Celebrando-se hoje o segundo aniversário do blogue Velharias, do LuísY, é a ele que dedico este post, com votos de que celebre muitos mais aniversários, para deleite de todos nós.
O prato foi oferta de uma querida amiga e minha madrinha (também minha comadre, já que dois filhos são meus afilhados, um deles padrinho da minha filha; é afilhada da minha mãe que por sua vez é afilhada da mãe dela... estão a ver o intrincado da relação... lol).
Sempre conheci os pratos Miragaia lá em casa, mas obviamente durante muitos anos não sabia do que se tratava. Este verão estive mais uma vez a apreciar um que está exposto, a ver a marca, Miragaia Porto por extenso, e a apreciar a pasta, lembrando-me das atribuições indevidas que se vêem pelas feiras. Ao falarmos dele a minha madrinha referiu que o par tinha sido partido por um dos meus afilhados em miúdo, tinha sido colado mas não sabia onde ele parava. Acrescentou que se calhar alguém já o tinha deitado fora...

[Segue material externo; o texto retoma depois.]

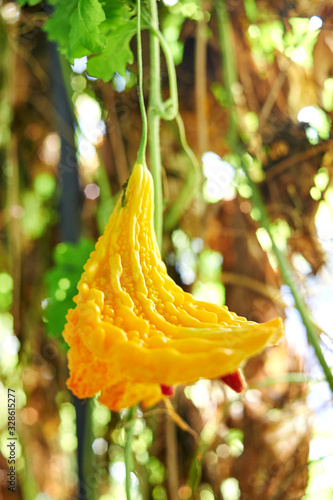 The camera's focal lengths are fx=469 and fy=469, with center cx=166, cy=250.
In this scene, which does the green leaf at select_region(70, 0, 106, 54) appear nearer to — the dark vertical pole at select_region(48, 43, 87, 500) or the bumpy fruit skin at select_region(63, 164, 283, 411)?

Imaginem o meu desgosto! Disse-lhe que de qualquer forma, se o encontrasse, eu gostaria muito de ficar com ele mesmo partido e colado (que descaramento!)
Finalmente - alegria!!! - o prato apareceu e foi-me oferecido.
Tinha uma cola amarela e estava muito mal colado, com junções mal ajustadas, abertas mesmo. Tive que meter mãos à obra e comecei pela descolagem.
Esqueci-me de tirar uma fotografia do estado em que estava antes, mas tirei esta depois de descolado.
Segui as dicas que me foram dadas por um vendedor, meu ex-colega, para a descolagem e limpeza e comprei uma cola recomendada pela conservadora e restauradora Sandra Pena. No fim o meu marido encheu as ranhuras com uma massa branca e eu dei-lhe uns retoques a azul.
Não se pode dizer que tenha ficado um trabalho perfeito, mas para mim é um encanto poder apreciá-lo, exposto no meu armário de faianças.
No catálogo da exposição "Fábrica de Louça de Miragaia" editado pelo Museu Soares dos Reis em 2008, há um prato igual e com a mesma marca na página 221.
No mesmo catálogo este motivo decorativo conhecido por "tipo país" utilizado no 2º período de fabrico (1822-1850), fase em que se pretendia imitar a faiança inglesa azul e branca, é associado a um exemplar da Herculaneum Pottery de Liverpool com um motivo central conhecido como "View in the Fort Madura" da Indian Series.
Tenho um prato desses há anos mas não conhecia a relação entre os dois motivos e mesmo depois de já ter visto a exposição sobre a Fábrica de Miragaia, mas antes de comprar o catálogo, fui alertada para o facto num post do blogue do LuísY.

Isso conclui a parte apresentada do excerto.